A different implementation of a distributed file system includes HDFS which is inspired by Google’s GFS. This is one of the most widely used distributed file system that forms the main data storage platform for Hadoop. HDFS is primary aimed at processing very large data sets and distributes files across a cluster of commodity servers by splitting up files in fixed size chunks. HDFS is not particularly well suited for storing a very large number of relatively tiny files.
It’s possible to build a vastly simpler system for the class of applications that have simpler requirements as we have pointed out.
- Large number of files but each file is relatively small
- Access is limited to create, delete and get entire files
- No updates to files that are already created (or it’s feasible to delete the old file and create a new one)
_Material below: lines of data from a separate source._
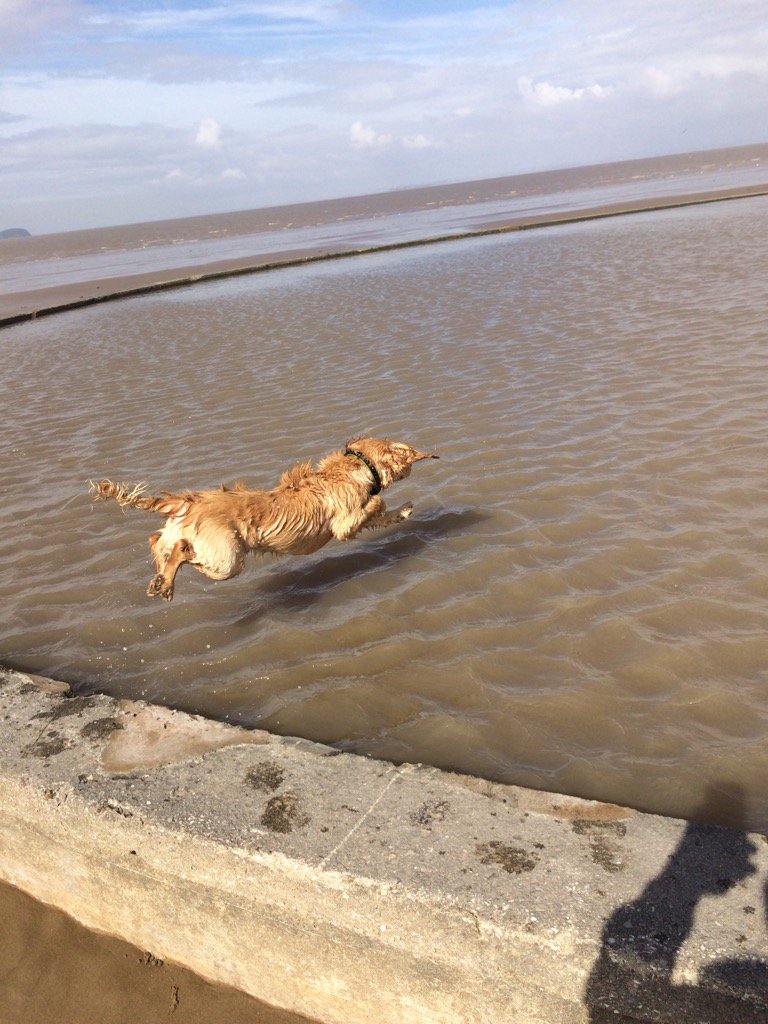 Fatyakka's tweet photo. Swim time for Oakley @WestonSeafront https://t.co/VDjjycfNVW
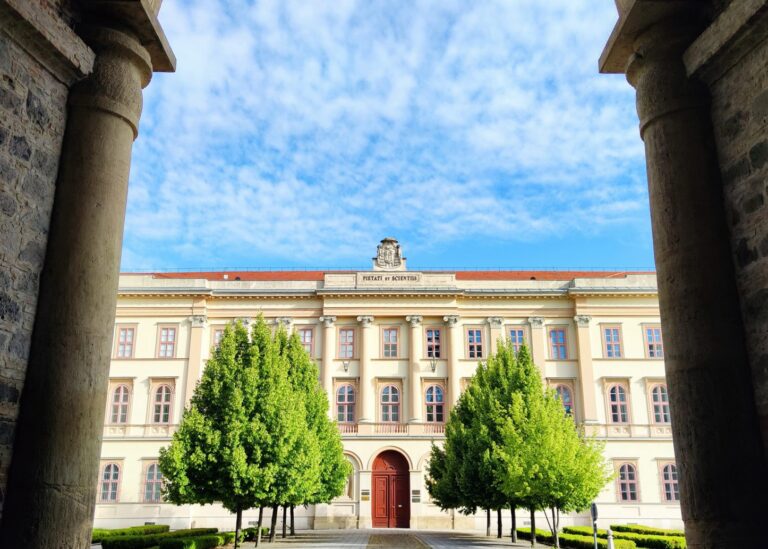 szakhomlok00264E6271A-FA9C-2EFE-3F42-CFE10C64849D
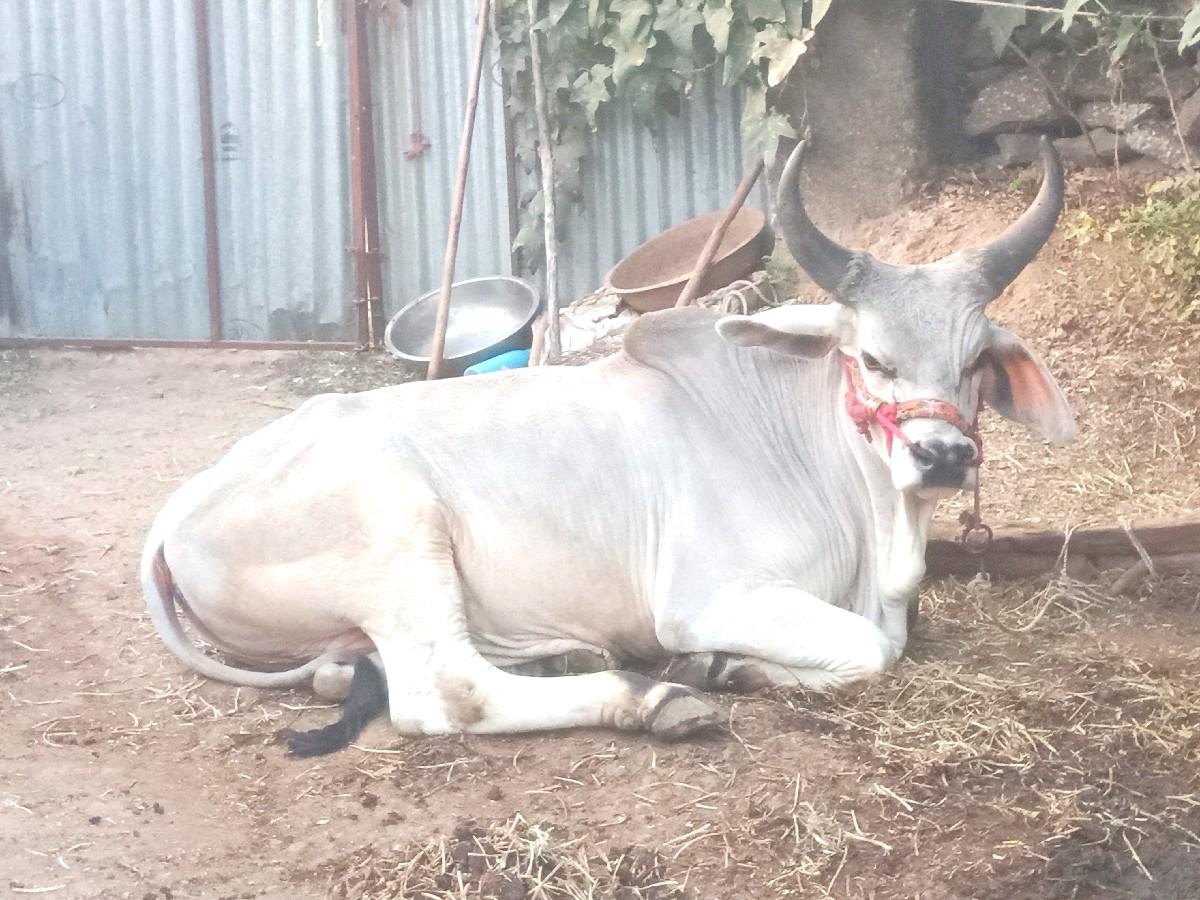 थंबनेल 6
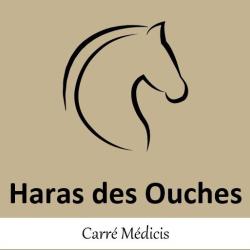 Earl Le Haras Des Ouches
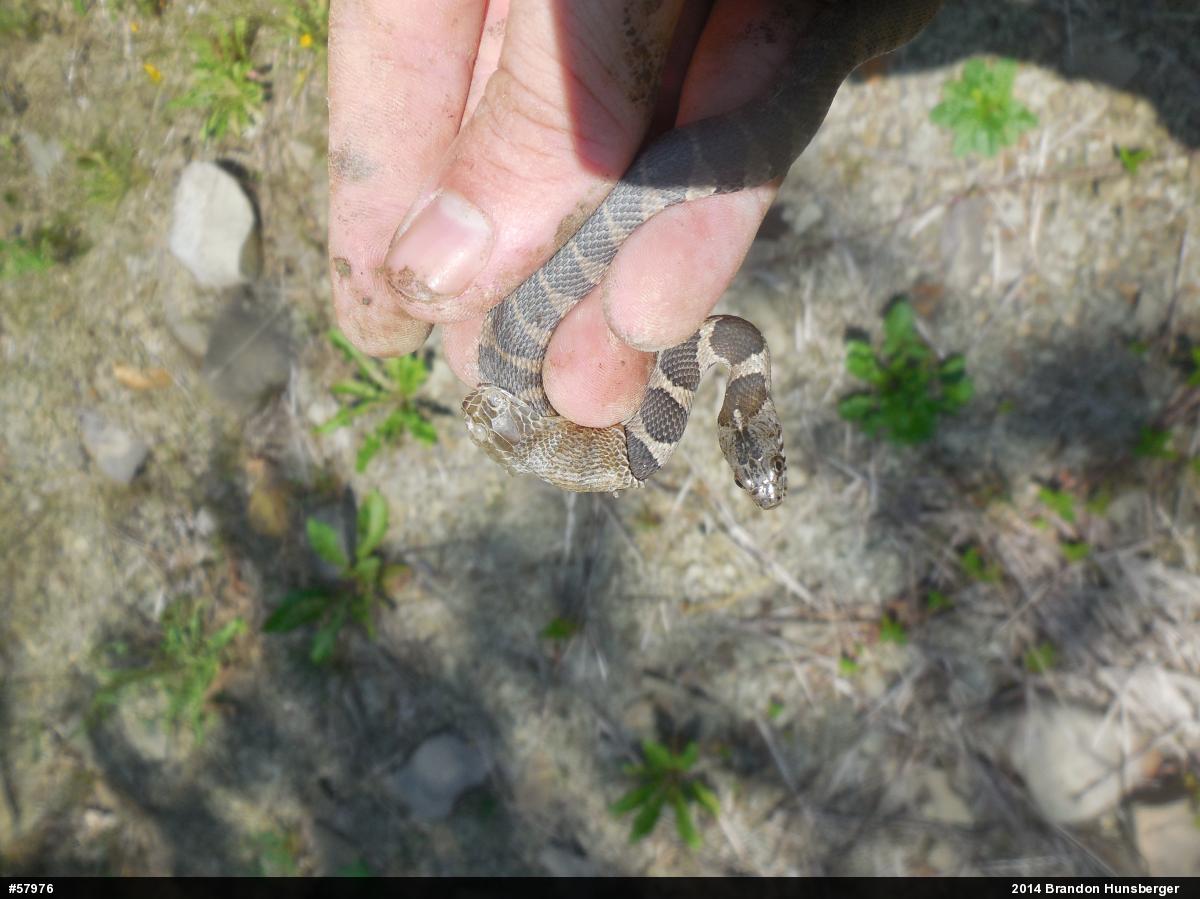 Northern Watersnake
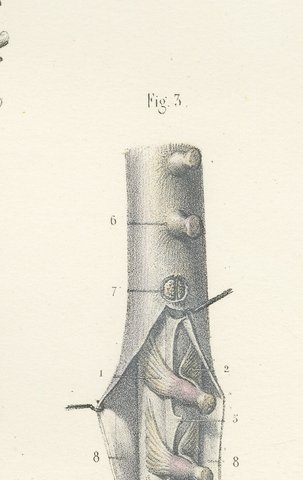 Spinal Nerve Roots along the Whole Cord, Hirschfeld Double Folding Plate, 1866, view 7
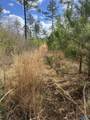 60 Acres Parker Road - Photo 5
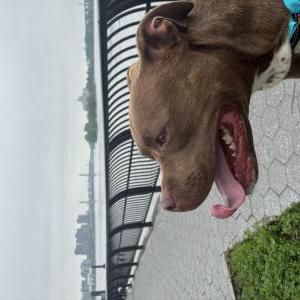 Found Dog Juliette
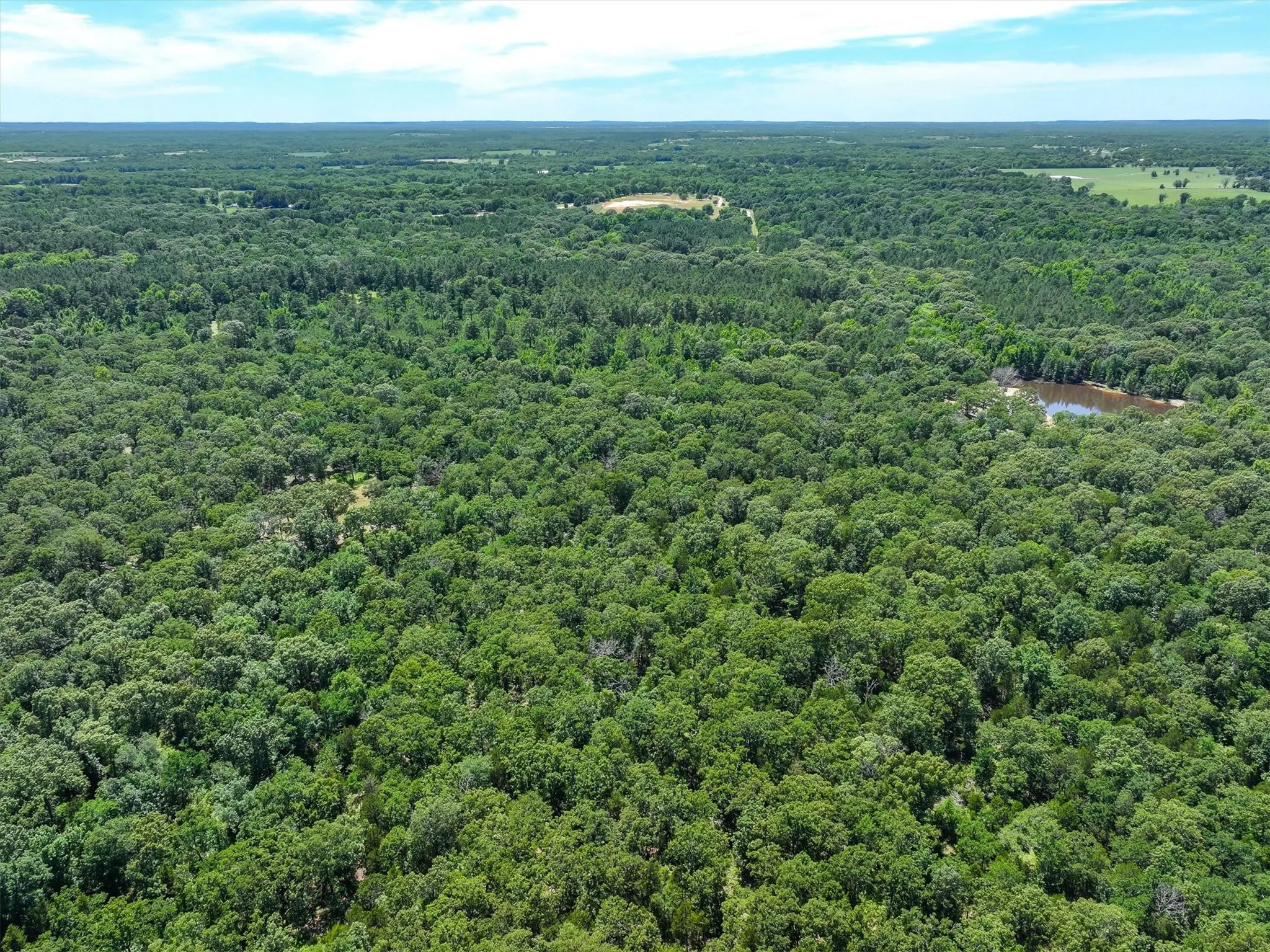 Unimproved Land For Sale in Van Zandt County , TBD Pvt. Rd 8079 Road, Ben Wheeler, Texas 75754, 0, 0, Garage spaces, 0 Sqft, built in 0, Price $1,460,000, mls#21283197, Real Estate Agent in Ben Wheeler, Homes For Sale in Van Zandt county, Homes For Sale in Ben Wheeler, Realtor in Ben Wheeler Texas, Real Estate Brokerage Independent Realty Texas, Luminita Cordes Realtor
We call this system a Partitioned File Store (PFS) to distinguish it from other distributed file systems. This system needs to provide the following features:
- CRD access to large number of small files
- Scalability: Files should be distributed across a large number of commodity servers based on the storage requirement
- Fault-tolerance: Each file should be replicated on multiple servers so that individual server failures do not reduce availability
- Elasticity: It should be possible to add capacity to the cluster easily
Apache Helix is a generic cluster management framework that makes it very easy to provide scalability, fault-tolerance and elasticity features. rsync can be easily used as a replication channel between servers so that each file gets replicated on multiple servers.
- Partition the file system based on the file name
- At any time a single writer can write, we call this a master
- For redundancy, we need to have additional replicas called slave. Slaves can optionally serve reads
- Slave replicates data from the master
- When a master fails, a slave gets promoted to master
Every write on the master will result in creation/deletion of one or more files. In order to maintain timeline consistency slaves need to apply the changes in the same order To facilitate this, the master logs each transaction in a file and each transaction is associated with an 64 bit ID in which the 32 LSB represents a sequence number and MSB represents the generation number The sequence number gets incremented on every transaction and the generation is incremented when a new master is elected
Replication is required for slaves to keep up with changes on the master. Every time the slave applies a change it checkpoints the last applied transaction ID. During restarts, this allows the slave to pull changes from the last checkpointed ID. Similar to master, the slave logs each transaction to the transaction logs but instead of generating new transaction ID, it uses the same ID generated by the master.
When a master fails, a new slave will be promoted to master. If the previous master node is reachable, then the new master will flush all the changes from previous the master before taking up mastership. The new master will record the end transaction ID of the current generation and then start a new generation with sequence starting from 1. After this the master will begin accepting writes.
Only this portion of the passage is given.